> [Provided records]
........

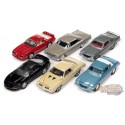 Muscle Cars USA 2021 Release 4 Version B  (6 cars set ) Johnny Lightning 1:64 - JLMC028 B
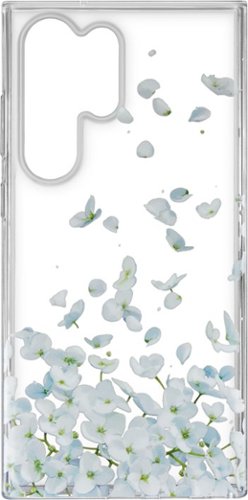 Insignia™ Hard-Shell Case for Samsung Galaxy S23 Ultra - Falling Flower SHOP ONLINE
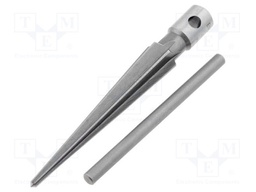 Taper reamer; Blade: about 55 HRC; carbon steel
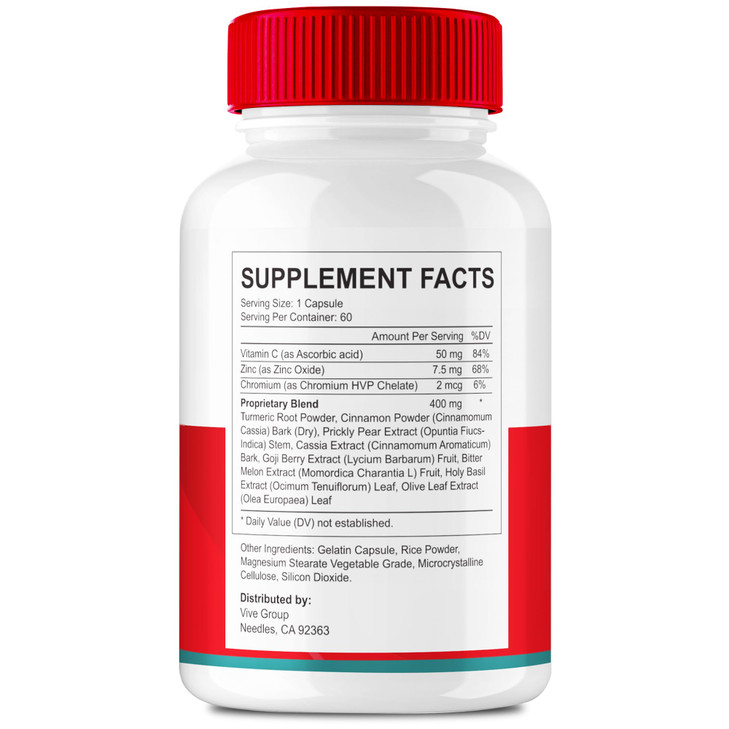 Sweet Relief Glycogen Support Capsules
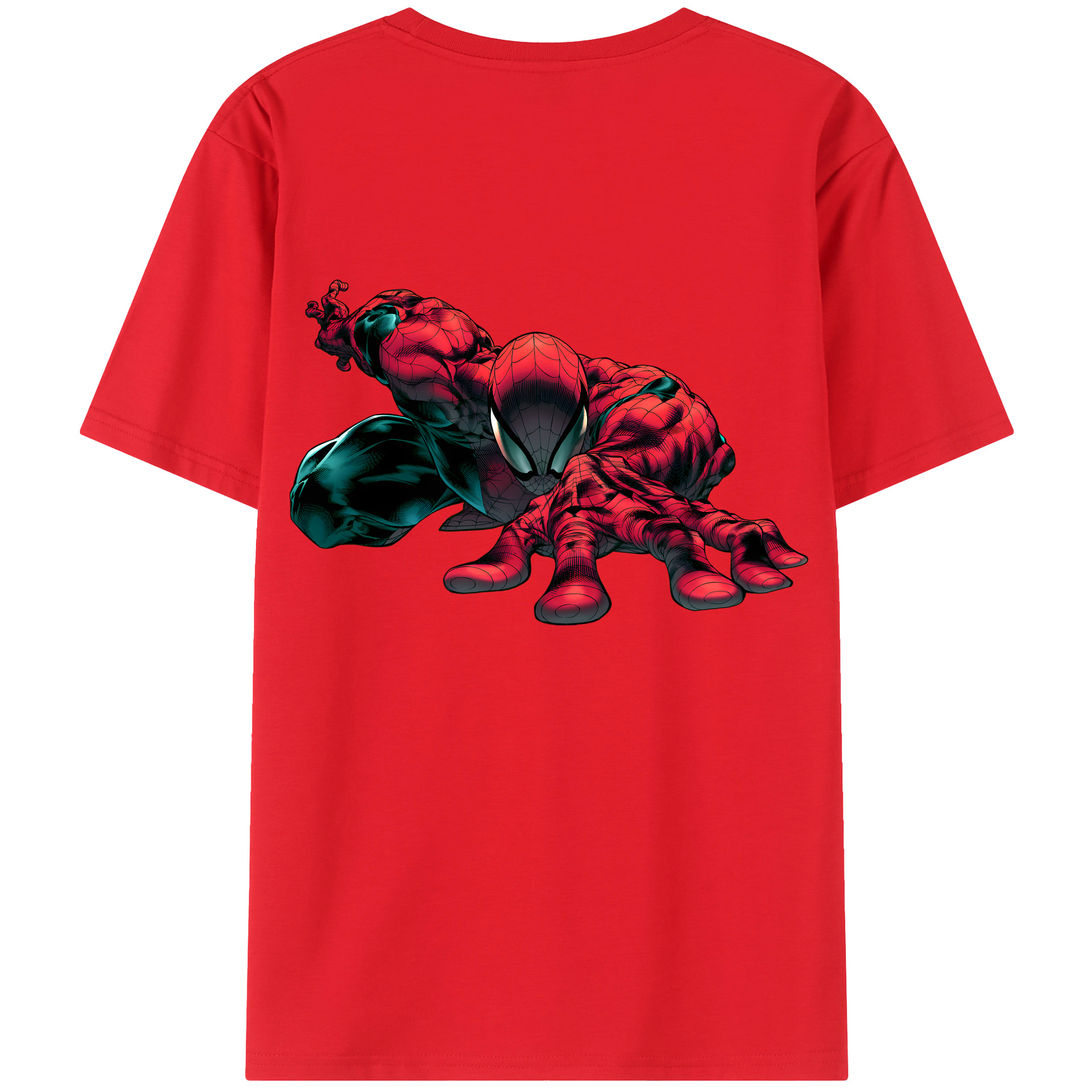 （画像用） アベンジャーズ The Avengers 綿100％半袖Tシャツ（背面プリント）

........

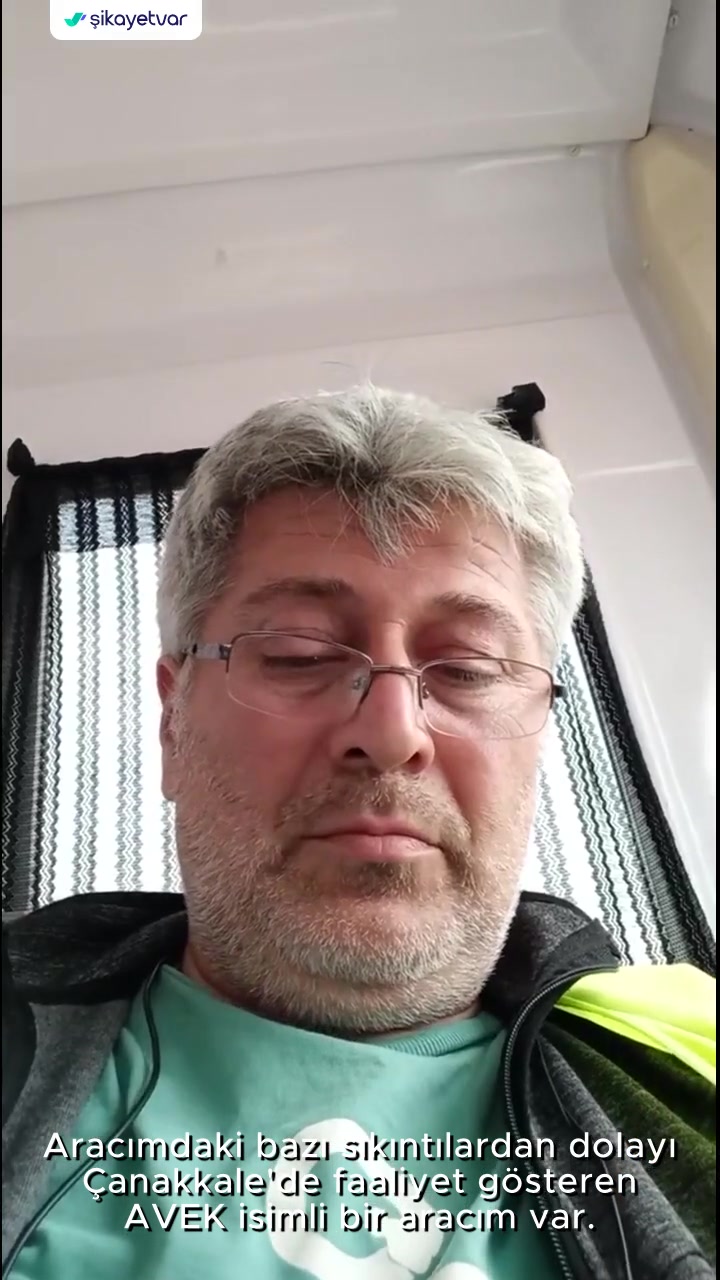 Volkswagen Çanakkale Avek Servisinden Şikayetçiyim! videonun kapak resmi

........

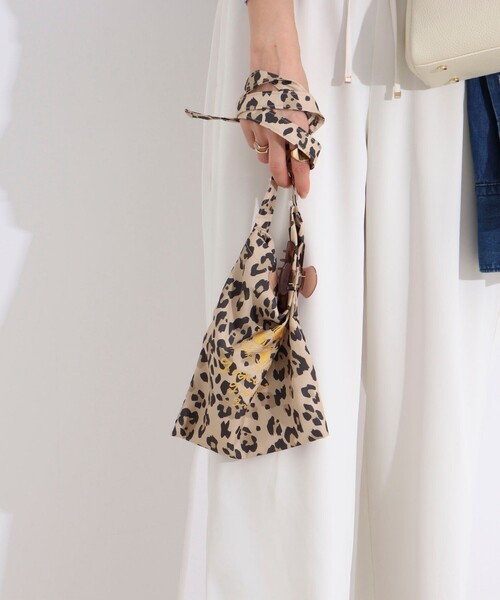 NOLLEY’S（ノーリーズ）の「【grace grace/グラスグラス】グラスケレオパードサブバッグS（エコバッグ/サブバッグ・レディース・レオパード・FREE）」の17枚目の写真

........

> [What needs to be done]
Whatever pictures the records hold, omit them; give again exactly the lines from the one containing "Sweet Relief Glycogen Support Capsules" through the one containing "The Avengers 綿100％半袖Tシャツ（背面プリント）".

> [Output]
 Sweet Relief Glycogen Support Capsules
 （画像用） アベンジャーズ The Avengers 綿100％半袖Tシャツ（背面プリント）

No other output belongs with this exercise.